Apr 14th, 2016 | By | Category: Editor's Picks, Front Page Layout, News, Top Picture

Windley 650

Rising achievement rates at Porirua’s Windley School are due to a new teaching approach according to the school’s principal.

Staff have handed the reigns over to the students and are letting them take control of their own learning.

Principal Rhys McKinley says teachers and staff realise that children learn best when they are taught by one another instead of being told everything by teachers.

“I learnt more from who I was at school with than probably from the teachers,” Mr McKinley says.

He says Windley School is all about giving the students the opportunity to solve their own problems through discussion with other students and sharing of ideas.

And the principal says this new teaching practice allows students to figure out for themselves what they’ve learnt and what they need to do next time to improve their learning.

“Once we get all the relationships, the social and the health issues in place and cared for then we can start working on students’ achievements,” he says.

Over the years Windley has struggled to provide students with the resources needed but the principal says they try their best by providing them with the basic tools to prepare them for the day.

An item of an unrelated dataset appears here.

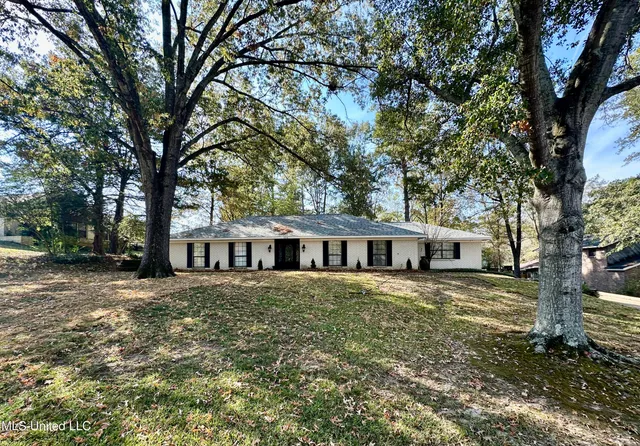 $325,000 | 109 Camp Garaywa Road, Clinton, MS 39056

Every morning volunteers and Windley students set up a breakfast club that allows the students to grab a bite to eat providing them with brain food to last the morning.

“You can’t do reading and writing and maths on an empty stomach,” Mr McKinley says.

Statistics show that the new teaching approach has lifted achievement rates significantly over the last three years.

Last year reading rates improved by 11% maths 6% and writing 17%.

Nationally students only improve by 6% in writing and 9.5% in reading, according to Mr McKinley.

And the changes don’t stop here.

This year Windley School is aiming to achieve some major goals.

The principal says among them, raising achievement levels for Maori and Pacific Island students, increasing staff numbers and making sure they have the resources they need to support digital learning in the school.

Rhys McKinley says he’s confident the change in teaching practices will definitely benefit their students in the long run and they will continue to see a rise in student achievement.